My favorite track on the album is “Devonian: Nascent,” the longest track on the album at over 11 minutes, and prominently features guest vocalist Jonas Renske of Katatonia. I’ve long loved Jonas’s vocals, so anytime he does a guest spot I’m sure to be pleased. His calm, soothing delivery is juxtaposed with the heavy music underneath, and the whispered screams floating in the background. The song contains a lengthy and slow middle section where the bass and drum perform what sounds like a march of many heavy feet, and the song builds with volume and intensity as the screams return and fade towards the inevitable thunderous climax.
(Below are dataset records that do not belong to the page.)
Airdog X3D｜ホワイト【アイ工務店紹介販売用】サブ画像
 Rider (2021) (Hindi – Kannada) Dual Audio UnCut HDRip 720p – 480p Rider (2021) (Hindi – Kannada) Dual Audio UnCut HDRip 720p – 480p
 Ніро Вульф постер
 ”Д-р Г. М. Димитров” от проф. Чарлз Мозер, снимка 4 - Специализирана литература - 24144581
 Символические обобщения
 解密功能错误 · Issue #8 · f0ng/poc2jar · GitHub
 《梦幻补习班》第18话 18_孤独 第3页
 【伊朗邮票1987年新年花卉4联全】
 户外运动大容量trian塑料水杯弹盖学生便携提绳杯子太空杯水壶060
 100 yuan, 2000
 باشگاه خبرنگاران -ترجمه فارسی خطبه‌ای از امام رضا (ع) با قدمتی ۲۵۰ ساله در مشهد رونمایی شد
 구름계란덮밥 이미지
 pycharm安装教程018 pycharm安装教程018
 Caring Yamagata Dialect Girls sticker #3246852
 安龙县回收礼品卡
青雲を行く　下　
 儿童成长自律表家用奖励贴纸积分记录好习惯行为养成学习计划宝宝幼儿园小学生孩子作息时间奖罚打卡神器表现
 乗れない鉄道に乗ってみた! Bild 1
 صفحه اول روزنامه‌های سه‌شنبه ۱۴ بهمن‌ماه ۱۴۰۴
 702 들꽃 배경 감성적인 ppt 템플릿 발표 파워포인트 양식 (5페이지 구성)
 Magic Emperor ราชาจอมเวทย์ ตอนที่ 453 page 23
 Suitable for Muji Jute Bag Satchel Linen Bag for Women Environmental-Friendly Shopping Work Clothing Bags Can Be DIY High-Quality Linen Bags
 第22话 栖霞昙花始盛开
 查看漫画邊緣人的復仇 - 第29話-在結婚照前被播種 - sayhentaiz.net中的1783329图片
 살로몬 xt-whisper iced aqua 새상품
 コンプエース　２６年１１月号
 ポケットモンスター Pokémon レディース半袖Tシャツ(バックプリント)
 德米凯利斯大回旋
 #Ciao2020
In an album that constantly does everything right, it is no surprise that the final track “Permian: The Great Dying” rounds things off nicely though a bit on the abrupt side. It is also the first single released for the album in the form of a lyric video. It is lengthy at over 9 minutes, and all the elements of The Ocean’s sound can be found; the melodic and proggy side with clean vocals, and of course the slow, steady crushing weight of their heaviness with screamed vocals telling of Earth killing off all but 5% of the life on the planet. It serves as a very good representation of the rest of the album, although I do think the song cuts off rather abruptly at the end.
This leads me to my only real criticism of the album; its brevity. It clocks in at only around 47 minutes, and as it is meant to be the first part of an album it comes off ultimately feeling not only incomplete, but awkwardly so. I don’t know if the choice to delay the rest of the album by more than a year was the choice of the band or the label, but it was not a good choice for the feel of the album. Separating albums in this way is sadly getting more common, why, I don’t know, probably because too many people have the attention span of a gnat. Typically the first part is ended at a point that feels like a natural ending point. This disk, however, is building as it ends, and is more abrupt than natural.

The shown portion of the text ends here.